# [RECORDS FOR THIS EXERCISE]
○ ○ ○ ○ ○ ○ ○

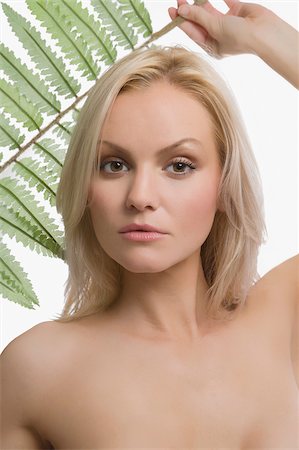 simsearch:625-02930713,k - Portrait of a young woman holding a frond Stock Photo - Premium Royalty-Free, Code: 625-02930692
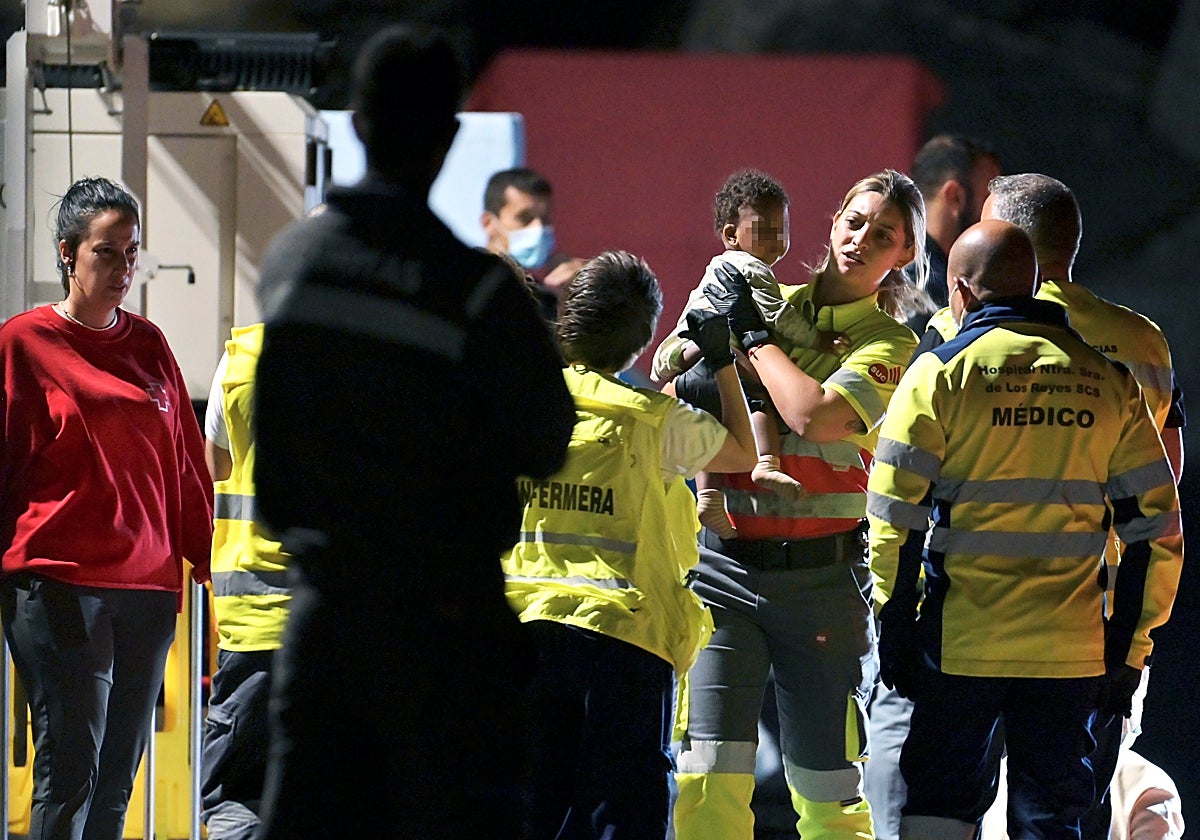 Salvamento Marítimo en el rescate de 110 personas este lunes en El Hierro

○ ○ ○ ○ ○ ○ ○

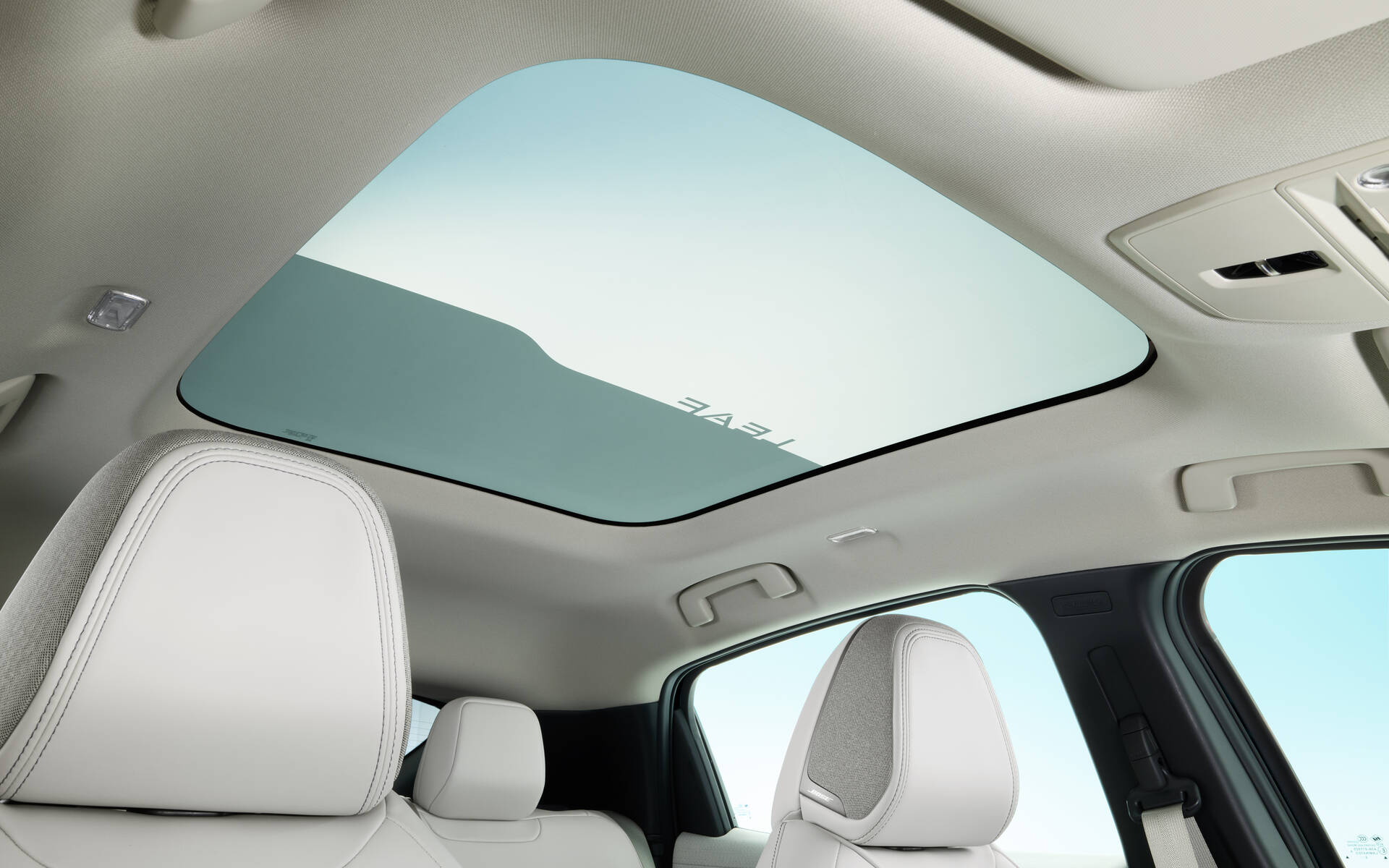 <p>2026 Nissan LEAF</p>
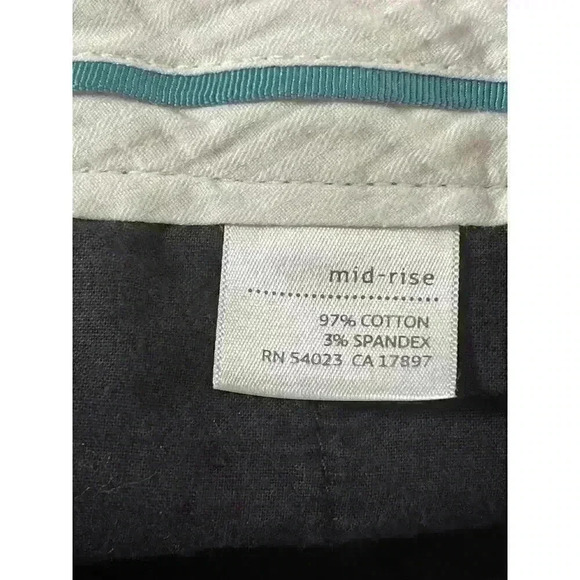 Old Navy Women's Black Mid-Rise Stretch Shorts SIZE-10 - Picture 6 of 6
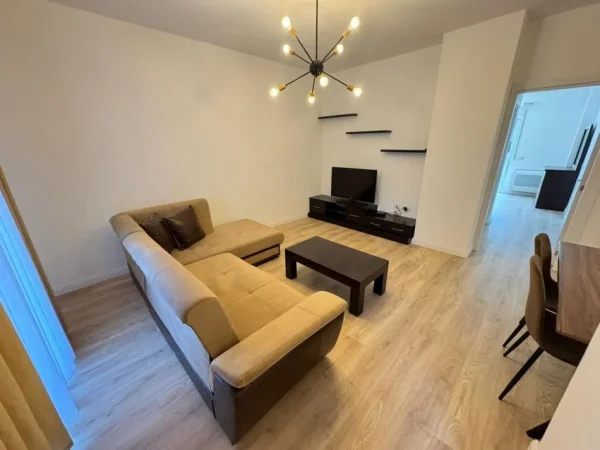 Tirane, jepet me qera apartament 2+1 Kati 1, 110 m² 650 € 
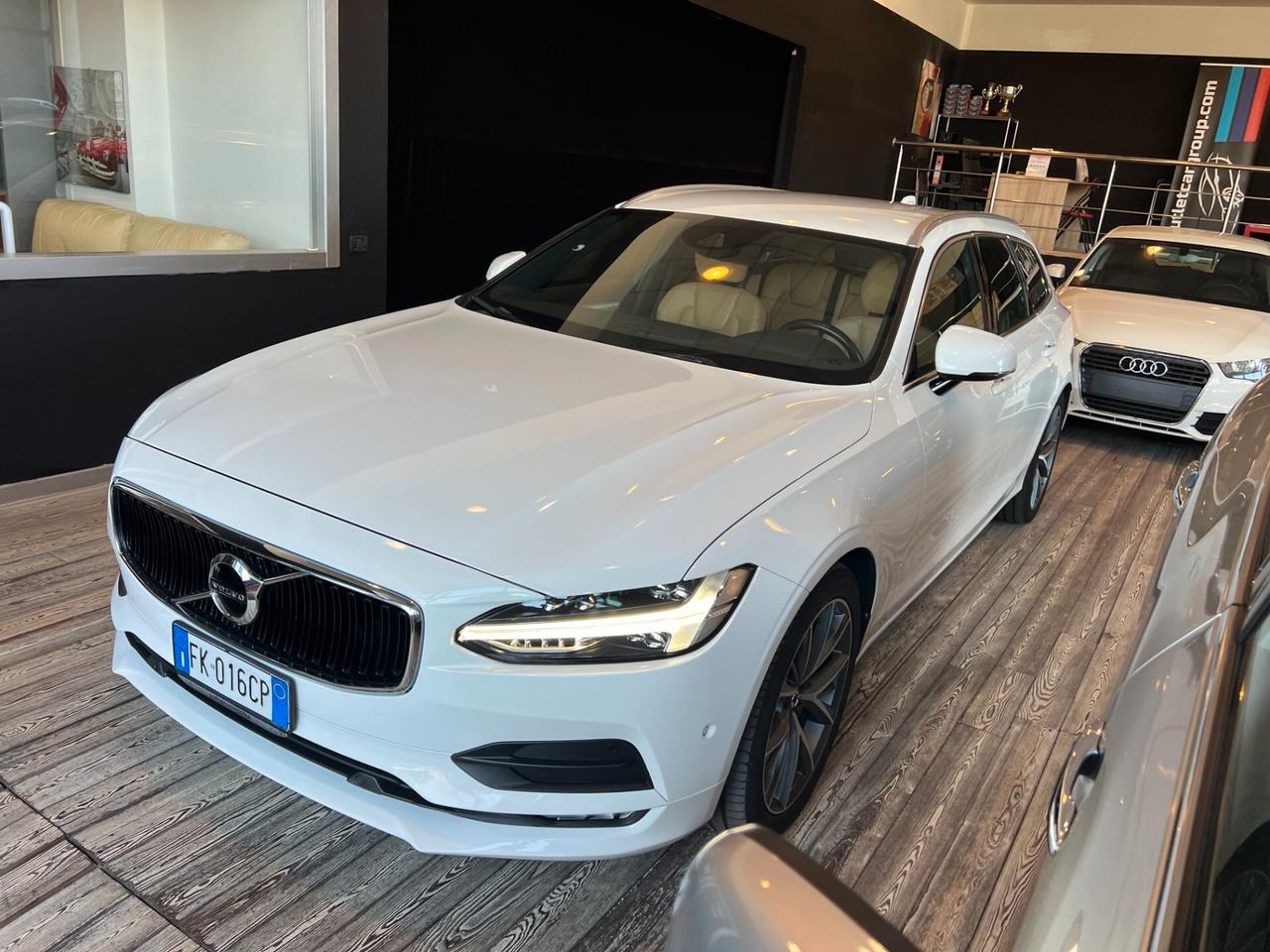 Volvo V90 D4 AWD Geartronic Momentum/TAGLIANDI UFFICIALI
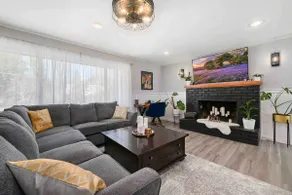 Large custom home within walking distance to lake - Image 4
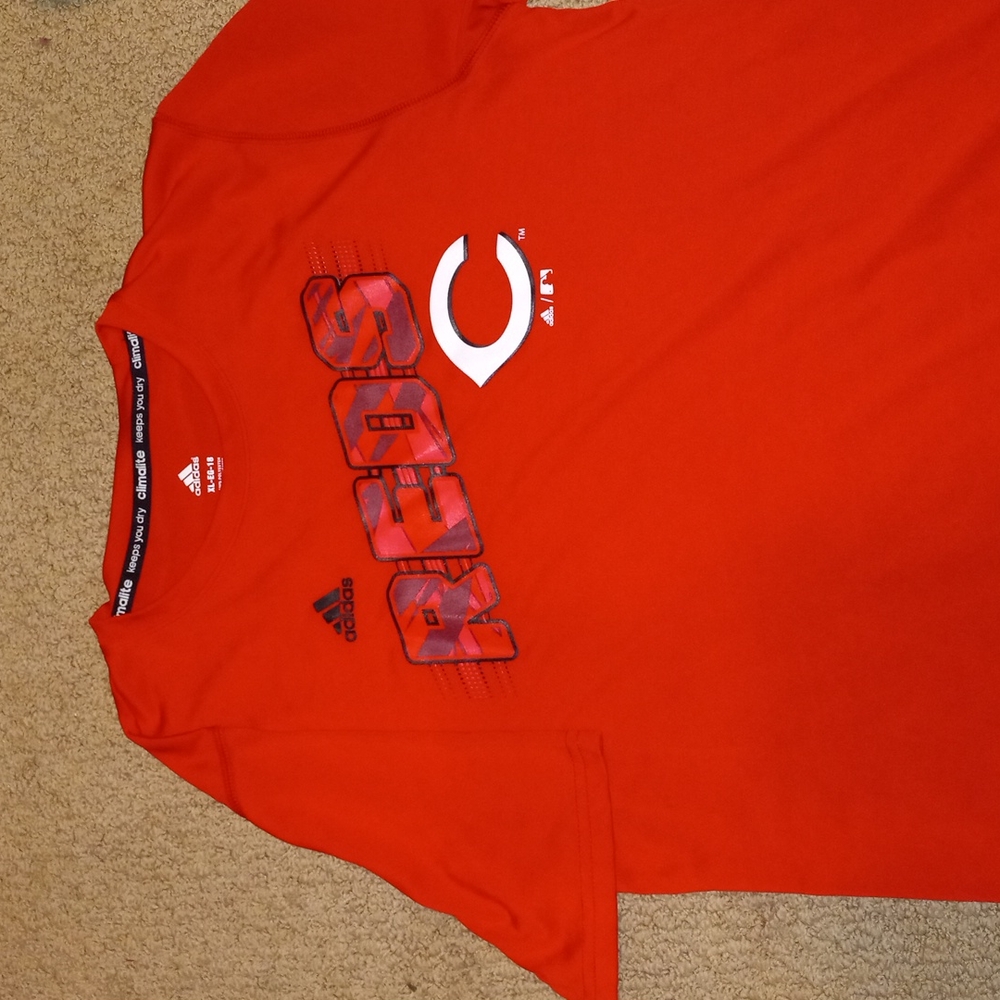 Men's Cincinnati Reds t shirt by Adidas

○ ○ ○ ○ ○ ○ ○

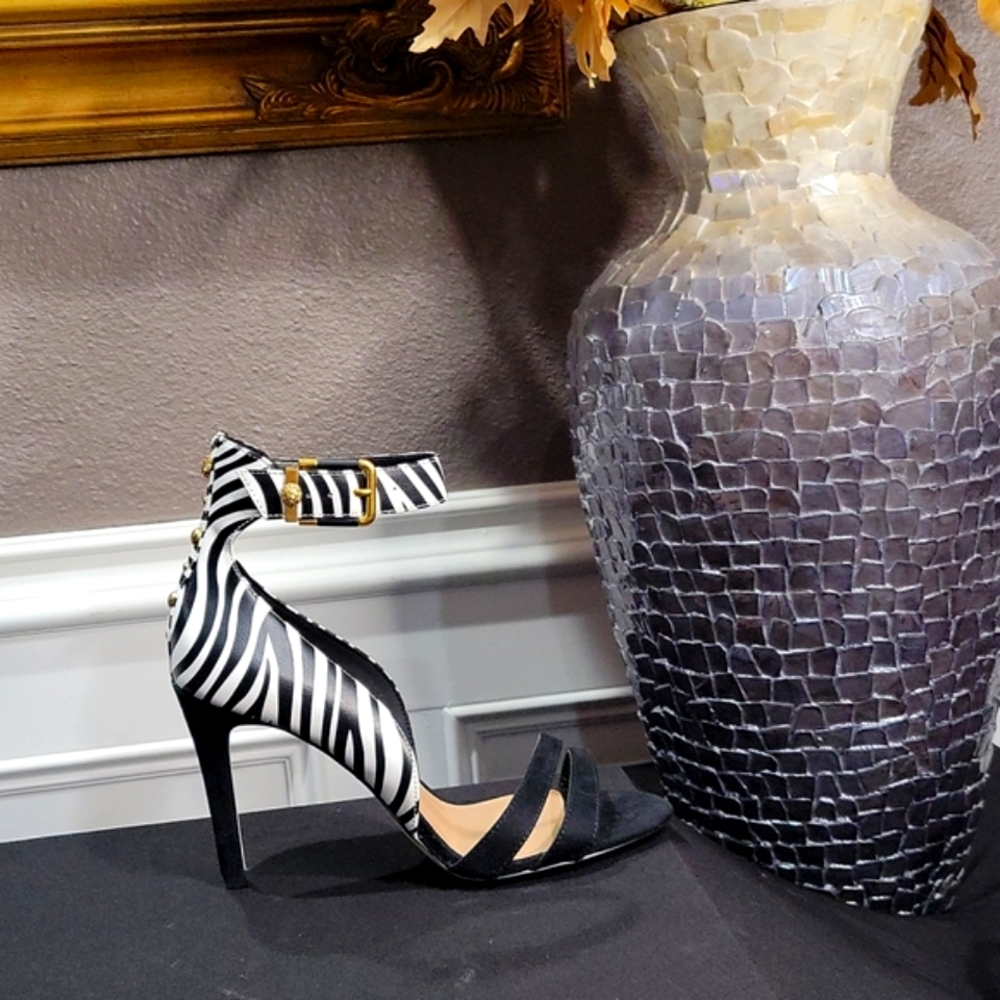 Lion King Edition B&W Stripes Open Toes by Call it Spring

○ ○ ○ ○ ○ ○ ○

# [ASSIGNMENT]
Looking at the listing above, which lines run from the one containing "Volvo V90 D4" through the one containing "Men's Cincinnati Reds t shirt by Adidas"? Print exactly those, ends included, pictures excluded.

# [TASK RESPONSE]
 Volvo V90 D4 AWD Geartronic Momentum/TAGLIANDI UFFICIALI
 Large custom home within walking distance to lake - Image 4
 Men's Cincinnati Reds t shirt by Adidas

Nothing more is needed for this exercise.